====== RECORDS SHOWN ======

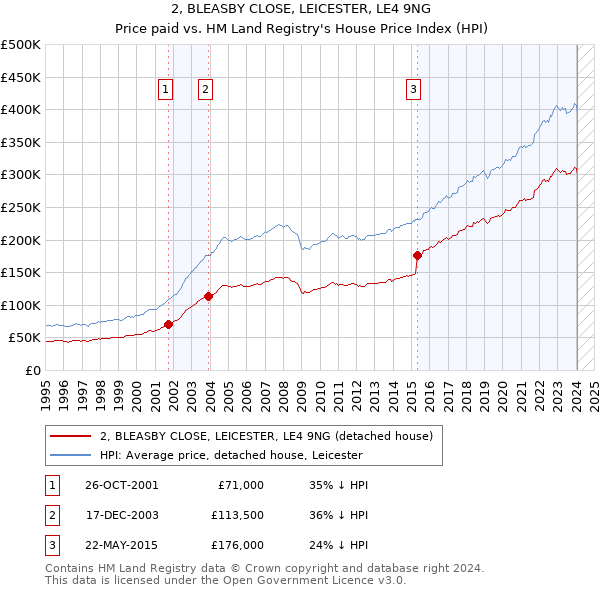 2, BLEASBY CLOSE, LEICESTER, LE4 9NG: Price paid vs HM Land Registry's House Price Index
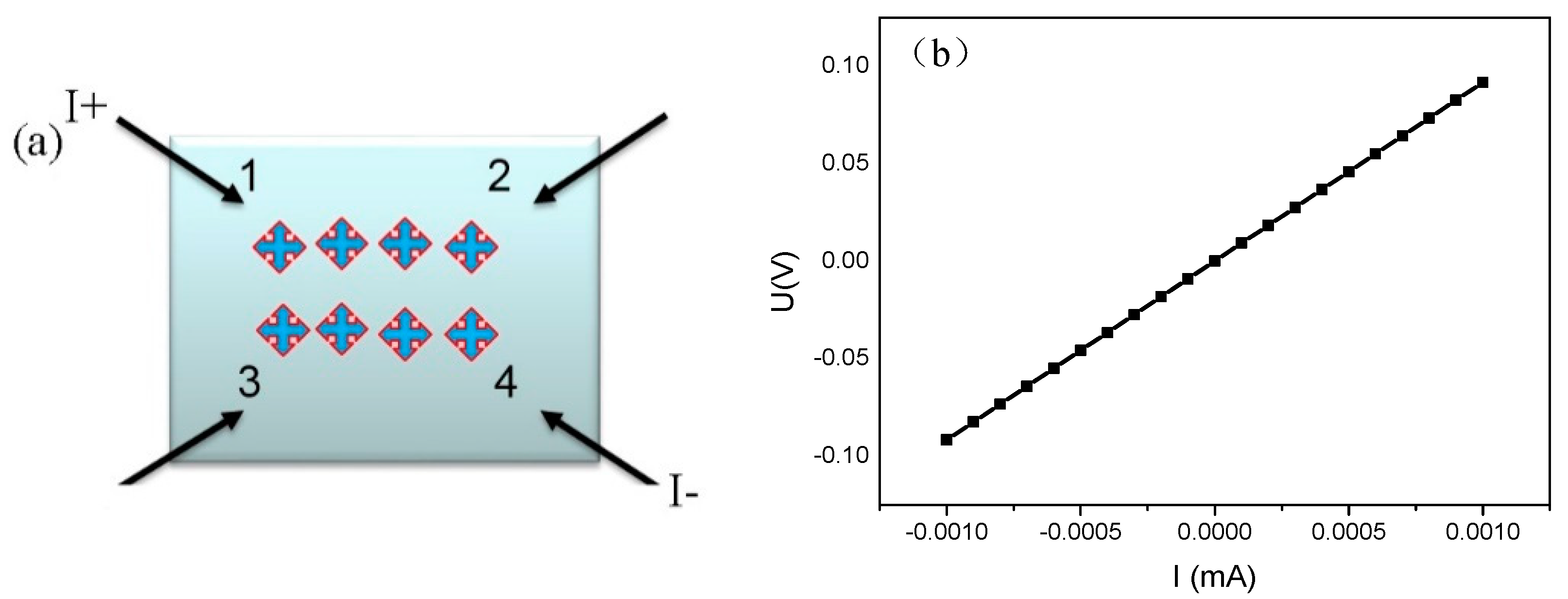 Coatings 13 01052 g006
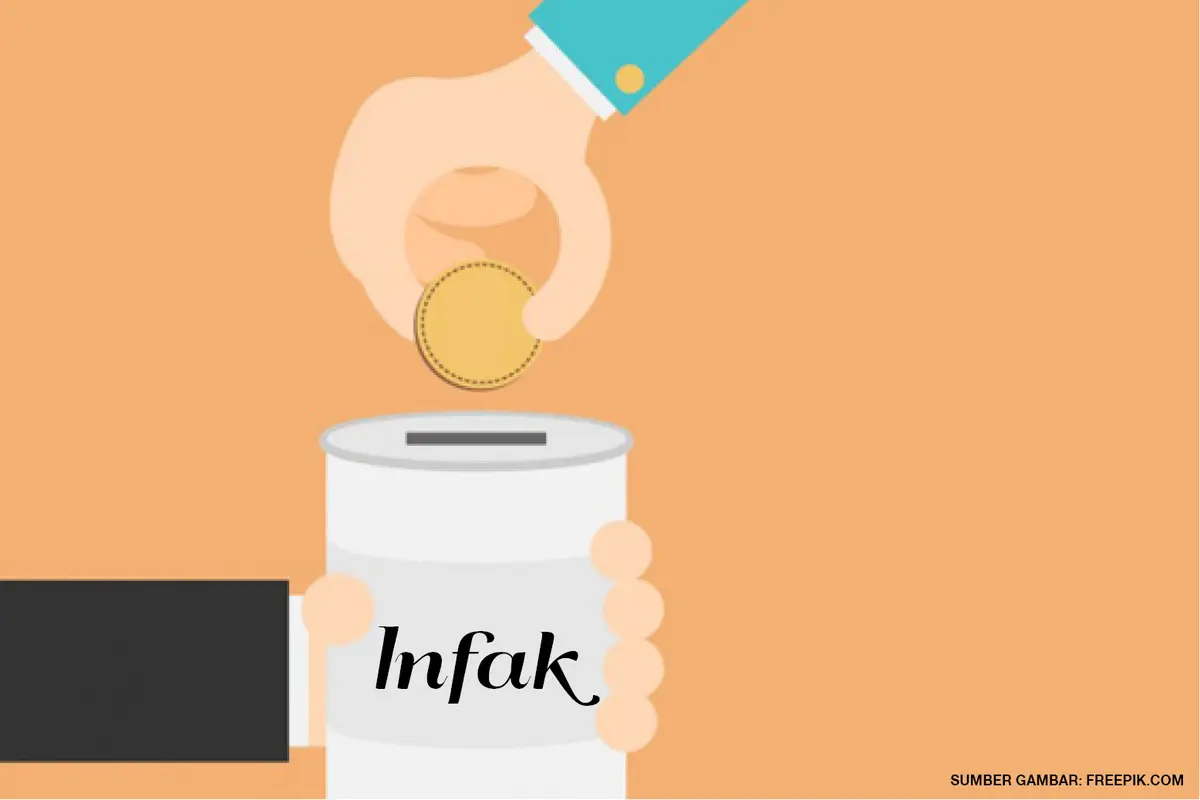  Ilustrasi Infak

======
====== RECORDS SHOWN ======

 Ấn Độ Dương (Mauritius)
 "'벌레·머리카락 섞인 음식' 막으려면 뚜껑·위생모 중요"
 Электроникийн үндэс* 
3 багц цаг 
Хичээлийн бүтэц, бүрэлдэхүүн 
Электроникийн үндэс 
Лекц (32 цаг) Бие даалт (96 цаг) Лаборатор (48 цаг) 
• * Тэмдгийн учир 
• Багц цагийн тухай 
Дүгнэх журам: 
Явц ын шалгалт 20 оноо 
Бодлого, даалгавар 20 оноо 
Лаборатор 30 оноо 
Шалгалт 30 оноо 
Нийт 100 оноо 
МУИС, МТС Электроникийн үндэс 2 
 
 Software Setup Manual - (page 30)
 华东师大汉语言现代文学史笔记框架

======

> [EXERCISE OBJECTIVE]: Restate word for word only the lines above from the line containing "Ấn Độ Dương (Mauritius)" to the line containing "华东师大汉语言现代文学史笔记框架", both of them included.

> [OUTPUT FOR THIS EXERCISE]:
 Ấn Độ Dương (Mauritius)
 "'벌레·머리카락 섞인 음식' 막으려면 뚜껑·위생모 중요"
 Электроникийн үндэс* 
3 багц цаг 
Хичээлийн бүтэц, бүрэлдэхүүн 
Электроникийн үндэс 
Лекц (32 цаг) Бие даалт (96 цаг) Лаборатор (48 цаг) 
• * Тэмдгийн учир 
• Багц цагийн тухай 
Дүгнэх журам: 
Явц ын шалгалт 20 оноо 
Бодлого, даалгавар 20 оноо 
Лаборатор 30 оноо 
Шалгалт 30 оноо 
Нийт 100 оноо 
МУИС, МТС Электроникийн үндэс 2 
 
 Software Setup Manual - (page 30)
 华东师大汉语言现代文学史笔记框架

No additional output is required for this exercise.